Developed during the 1960s, its emergence as the prominent model of computing in the 1970s represented a major technological shift in the history of computing. By allowing many users to interact concurrently with a single computer, time-sharing dramatically lowered the cost of providing computing capability, made it possible for individuals and organizations to use a computer without owning one, and promoted the interactive use of computers and the development of new interactive applications.
Main article: Batch processing
The earliest computers were extremely expensive devices, and very slow in comparison to later models. Machines were typically dedicated to a particular set of tasks and operated by control panels, the operator manually entering small programs via switches in order to load and run a series of programs. These programs might take hours to run. As computers grew in speed, run times dropped, and soon the time taken to start up the next program became a concern. Newer batch processing software and methodologies, including batch operating systems such as IBSYS (1960), decreased these "dead periods" by queuing up programs ready to run.
Comparatively inexpensive card punch or paper tape writers were used by programmers to write their programs "offline". Programs were submitted to the operations team, which scheduled them to be run. Output (generally printed) was returned to the programmer. The complete process might take days, during which time the programmer might never see the computer. Stanford students made a short film humorously critiquing this situation.

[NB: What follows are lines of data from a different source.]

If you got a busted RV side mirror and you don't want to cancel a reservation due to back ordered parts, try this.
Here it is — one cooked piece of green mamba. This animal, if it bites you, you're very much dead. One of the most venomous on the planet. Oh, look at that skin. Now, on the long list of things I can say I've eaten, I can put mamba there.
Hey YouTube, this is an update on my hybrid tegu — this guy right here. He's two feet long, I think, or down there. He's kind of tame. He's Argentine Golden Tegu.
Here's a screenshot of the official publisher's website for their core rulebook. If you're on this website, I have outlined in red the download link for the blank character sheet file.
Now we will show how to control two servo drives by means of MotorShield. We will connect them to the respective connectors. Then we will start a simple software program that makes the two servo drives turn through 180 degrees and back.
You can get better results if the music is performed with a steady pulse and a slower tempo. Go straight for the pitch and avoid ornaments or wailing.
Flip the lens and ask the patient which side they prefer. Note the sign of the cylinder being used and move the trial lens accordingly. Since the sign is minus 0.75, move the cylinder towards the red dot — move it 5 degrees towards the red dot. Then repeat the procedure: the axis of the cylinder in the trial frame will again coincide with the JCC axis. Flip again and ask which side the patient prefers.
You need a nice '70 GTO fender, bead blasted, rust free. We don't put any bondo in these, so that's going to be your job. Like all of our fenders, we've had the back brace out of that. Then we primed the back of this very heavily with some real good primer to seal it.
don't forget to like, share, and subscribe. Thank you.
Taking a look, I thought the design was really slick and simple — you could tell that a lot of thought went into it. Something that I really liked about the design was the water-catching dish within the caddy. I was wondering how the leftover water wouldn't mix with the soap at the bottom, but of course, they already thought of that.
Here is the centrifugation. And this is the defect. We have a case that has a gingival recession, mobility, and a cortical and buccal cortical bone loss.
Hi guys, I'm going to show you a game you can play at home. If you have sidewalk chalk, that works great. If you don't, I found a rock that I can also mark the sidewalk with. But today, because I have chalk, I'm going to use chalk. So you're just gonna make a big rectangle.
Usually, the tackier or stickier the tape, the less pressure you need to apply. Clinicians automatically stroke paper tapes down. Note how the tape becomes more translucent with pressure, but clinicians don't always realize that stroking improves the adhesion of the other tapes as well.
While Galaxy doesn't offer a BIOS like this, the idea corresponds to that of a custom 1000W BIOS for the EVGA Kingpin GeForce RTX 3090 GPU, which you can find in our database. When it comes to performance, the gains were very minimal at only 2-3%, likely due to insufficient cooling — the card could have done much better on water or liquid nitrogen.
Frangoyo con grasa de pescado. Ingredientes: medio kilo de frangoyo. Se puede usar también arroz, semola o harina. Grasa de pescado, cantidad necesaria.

The alternative of allowing the user to operate the computer directly was generally far too expensive to consider. This was because users might have long periods of entering code while the computer remained idle. This situation limited interactive development to those organizations that could afford to waste computing cycles: large universities for the most part.
The concept is claimed to have been first described by Robert Dodds in a letter he wrote in 1949 although he did not use the term time-sharing. Later John Backus also described the concept, but did not use the term, in the 1954 summer session at MIT. Bob Bemer used the term time-sharing in his 1957 article "How to consider a computer" in Automatic Control Magazine and it was reported the same year he used the term time-sharing in a presentation. In a paper published in December 1958, W. F. Bauer wrote that "The computers would handle a number of problems concurrently. Organizations would have input-output equipment installed on their own premises and would buy time on the computer much the same way that the average household buys power and water from utility companies."
Christopher Strachey, who became Oxford University's first professor of computation, filed a patent application for "time-sharing" in February 1959. He gave a paper "Time Sharing in Large Fast Computers" at the first UNESCO Information Processing Conference in Paris in June that year, where he passed the concept on to J. C. R. Licklider. This paper was credited by the MIT Computation Center in 1963 as "the first paper on time-shared computers".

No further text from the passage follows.